A lot of other use cases are now emerging from various cryptocurrencies aside from the use of seeing it as a means of exchange and payment. Some include support for sports utilities, gaming support, file storage, Identity management features, etc.

 

Cryptocurrency seems to create a lot of fear due to its quick adaptation to the world. Most countries are either looking for ways to either outrightly ban it or control how to use it or totally accept it as legal tender.

 

We see this in the outright ban of Cryptocurrencies in China; the systematic control of them in the United States; and their adoption as a legal tender in El Salvador respectively.

 

The quick growth and adaptation of Cryptocurrency by the world put a lot of Countries in a state of uncertainty as to the acceptance of such a form of payment as it takes away the financial control and power from the state or government.

 

Nations are now looking at creating their own kind of Cryptocurrency called the CBDC (Central Bank Digital Currency), Nigeria inclusive; they recently launched their own CBDC or digital Naira or eNaira.

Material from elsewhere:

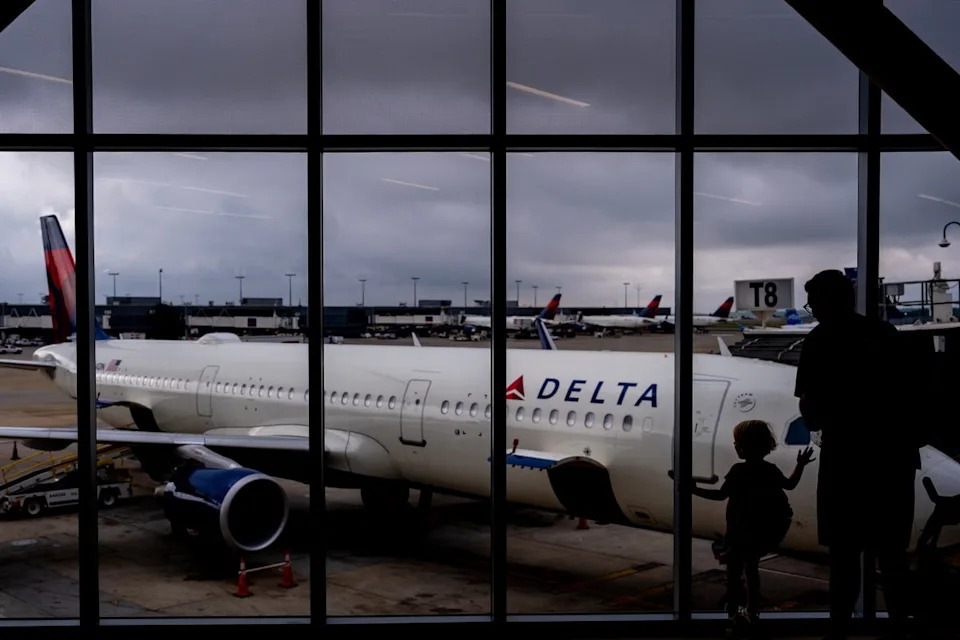 Cockpit Fumes Force Delta 757 To Return To Atlanta; 199 Evacuate Via Emergency Slides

These CBDCs are quite different from cryptocurrencies as they are not based majorly on the blockchain technology used by most Cryptocurrencies.

 

Nation-states are beginning to agree that this financial innovation has come to stay. So, most countries are looking at how to control it and adopt a legal framework for it.

One of the major arguments against cryptocurrency is that it encourages a lot of underworld activities, cyberattacks, illicit and illegal drug trafficking, terrorism, etc. Such negative activities are due to its transaction being “anonymous”. Another argument includes the volatile nature of Cryptocurrency; as people can easily lose their money due to its constant unruly uptrend or downtrend.

 

Cryptocurrency – The Arguement for

There is no doubt that Cryptocurrency has come to stay. The argument against its adaption as a means of exchange or payment is not, in the long run, convincing enough.

 

Cryptocurrency aids against inflation as its maximum supply is known (eg. 21 Million for Bitcoin). People use them as a means of storing their wealth or investing.

 

The argument against the volatile nature of Cryptocurrency is also no longer sustainable. Stablecoins are now pegged to the dollars or something more valuable like gold. Some of the stablecoins include Tether (USDT), Binance USD (BUSD), etc. This means people have the option of using stablecoins also.

 

Also, the argument that the activities of users of Cryptocurrency are anonymous is not really true. Users have public and private keys that validate their transactions. Wallets are generally pseudonymous rather than anonymous. That Cryptocurrency users are anonymous is an illusion.

 

Users have something like a nickname (Keys) on the blockchain; that can help reveal the identity of an individual. Countries now mandate Cryptocurrency Exchanges and blockchains to do what is known as KYC (Know your Customers).

 

This has made it easier to track illegal activities on the blockchain. Various stories are popular now of countries recovering stolen Cryptocurrency or getting Cryptocurrency scammers. Although, this is still a developing part of the adaption of the entire cryptocurrency in the world.

 

Cryptocurrency has evolved so much. It is this writer’s opinion that Cryptocurrency will be part of mainstream finance due to its enormous possibilities.